- Born: 26 July 1895 Bradford, West Yorkshire
- Died: 21 September 1975 (aged 80) Bradford, West Yorkshire
- Allegiance: United Kingdom
- Branch: British Army Royal Air Force
- Service years: 1914–1919
- Rank: Flight Sergeant
- Unit: No. 50 Squadron RFC
- Conflicts: First World War
- Awards: George Cross

= Horace James Cannon =

British soldier and George Cross recipient

Horace James Cannon, GC (26 July 1895 – 21 September 1975) was a British soldier, aircraft mechanic and a recipient of the Albert Medal.

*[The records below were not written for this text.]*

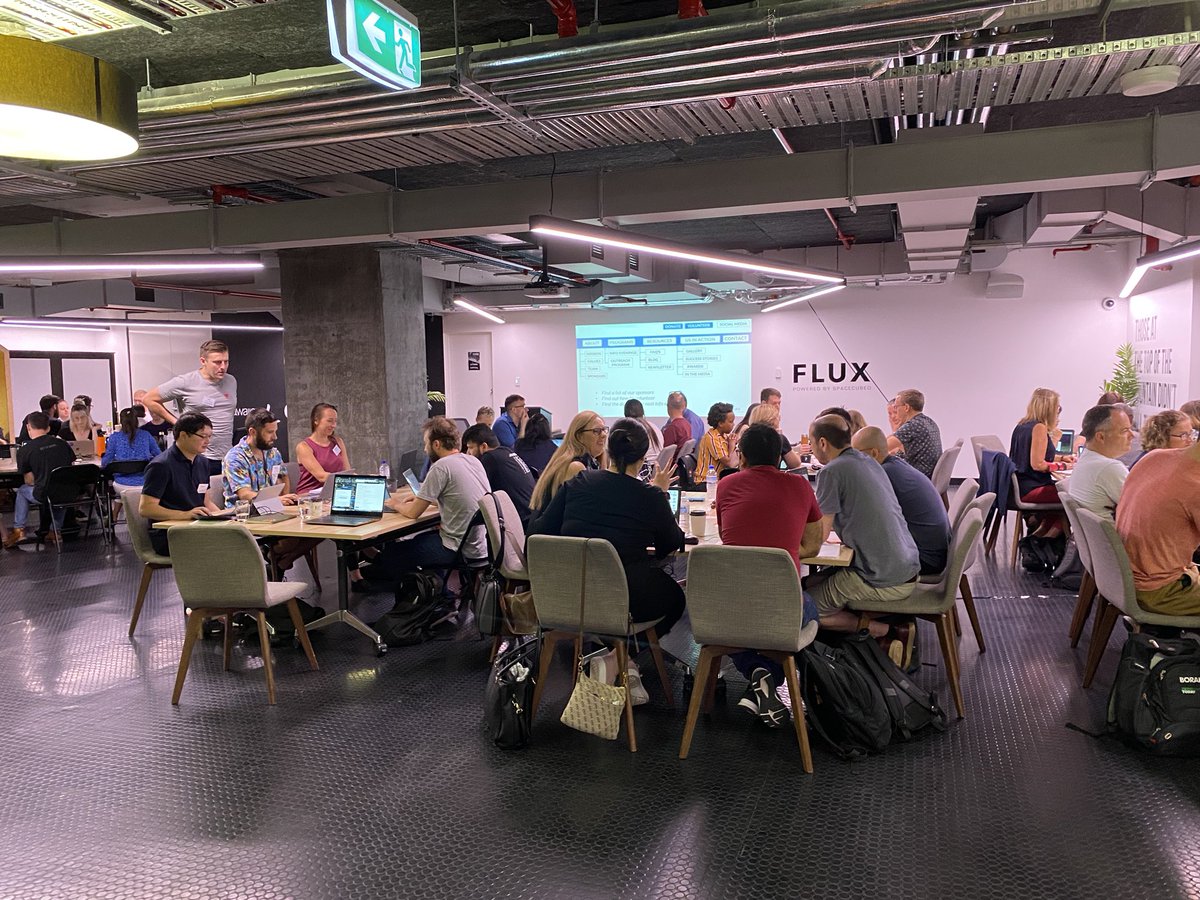 jo_minney's tweet photo. Amazing humans doing #goodfornothing at the inaugural #doactionPerth #charity #hackathon sponsored by @VentraIP &amp; @space3ed https://t.co/XRMkQeRKlq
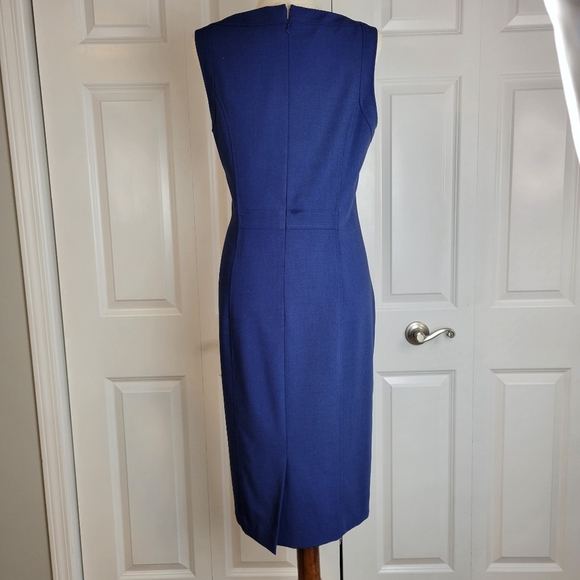 Louben Deep Blue Shift Dress SZ 10 - Picture 6 of 17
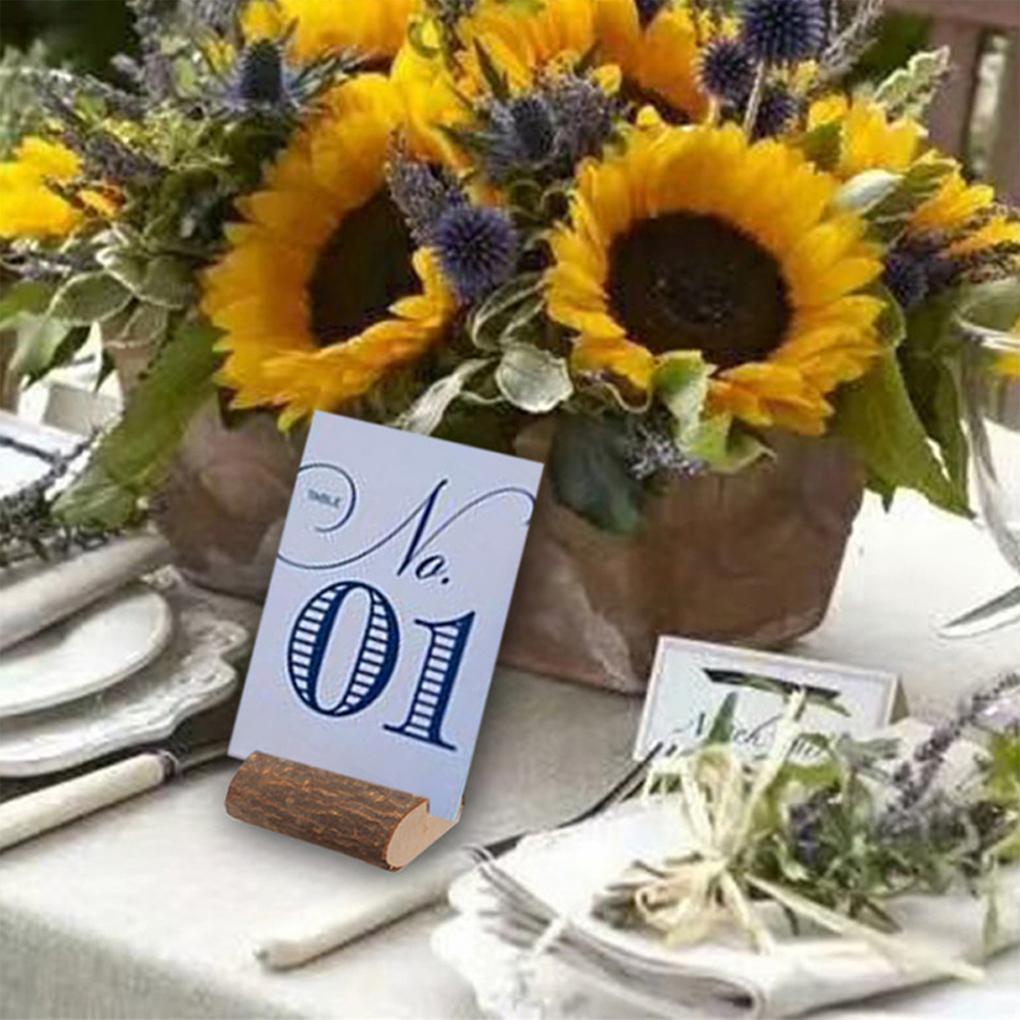 Pack of 20 Creative Table Number Holders Place Card Holders Wedding Decoration Handicraft Article Transverse Groove Place Cards
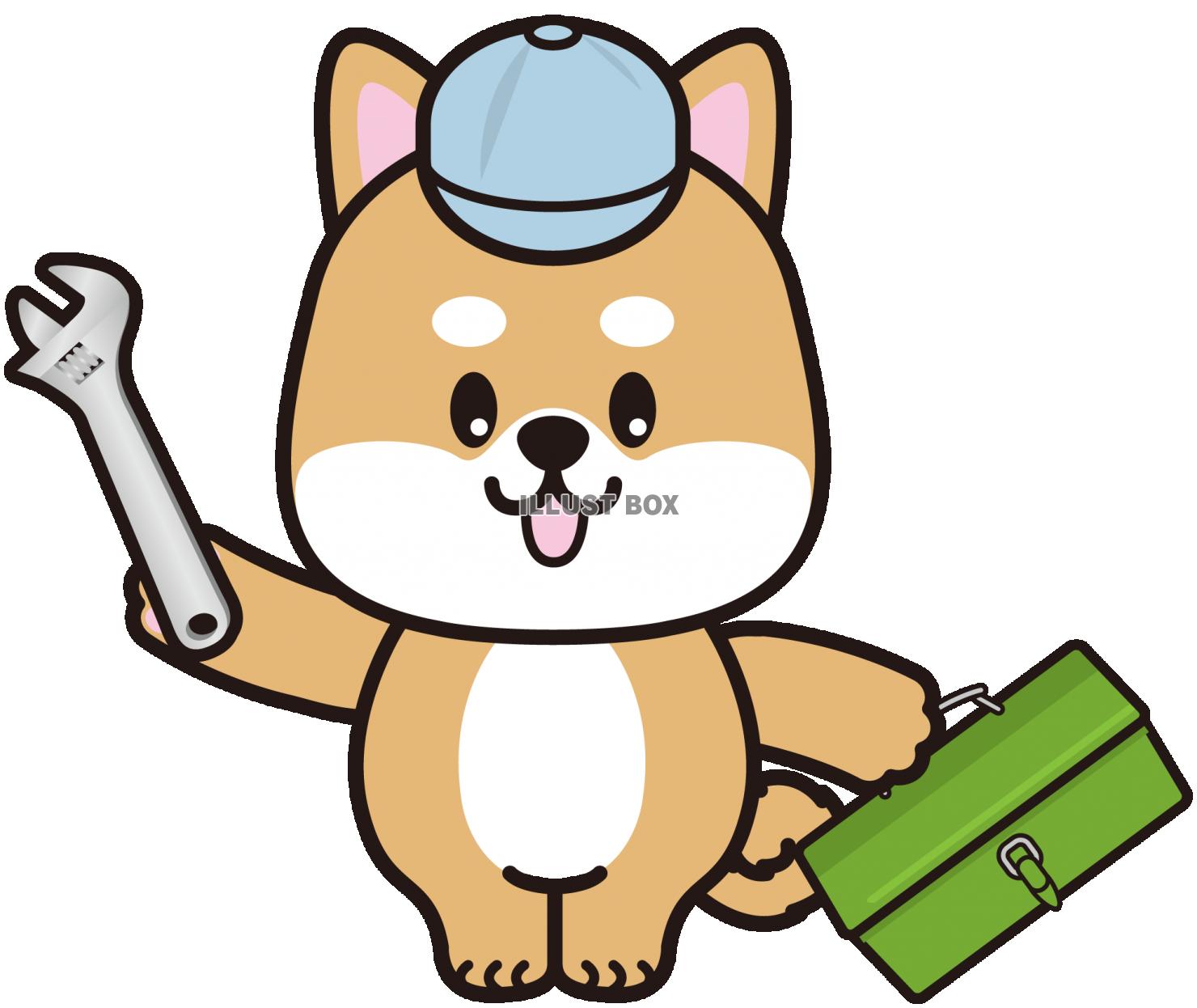 しばちゃん修理工（透過PNG）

In 1971, due to a decline in the status and significance of the Albert Medal, Cannon was invited to exchange his award for the George Cross; he accepted and formally became a recipient of the latter.

==Early life==
Cannon was born in Bradford, West Yorkshire, on 26 July 1895.

==First World War==
Cannon joined the 16th Battalion of the West Yorkshire Regiment in 1915. Cannon then volunteered to join the Royal Flying Corps, was accepted, and became an aircraft mechanic in France and later in England.

Promoted to flight sergeant, Cannon was billeted at RFC Station Grantham in Lincolnshire (renamed RAF Spitalgate in 1942) on 21 January 1918, when a warplane crash-landed from a height of about one hundred and fifty feet and then burst into flames. Cannon and another flight sergeant risked their lives to rescue the pilot, who later died from his injuries. Cannon was awarded the Albert Medal for his efforts, which later became the George Cross for living recipients (including Cannon) when the Albert Medal was withdrawn from use in 1971.

==Later life==
After Cannon retired from the Royal Air Force, he opened a car dealership and repair shop in the city.

Coincidentally, in retirement, Cannon lived next door to George and Mary Hall and their daughter Nanette Hanson (née Hall). Hanson became a teacher in Dundee and was herself awarded the Albert Medal in 1968 for her actions saving the lives of children in her care in a school siege in Dundee the previous year, in which she was shot and killed. Since Hanson's award was posthumous, her Albert Medal did not become a George Cross in 1971 as her former neighbour's did.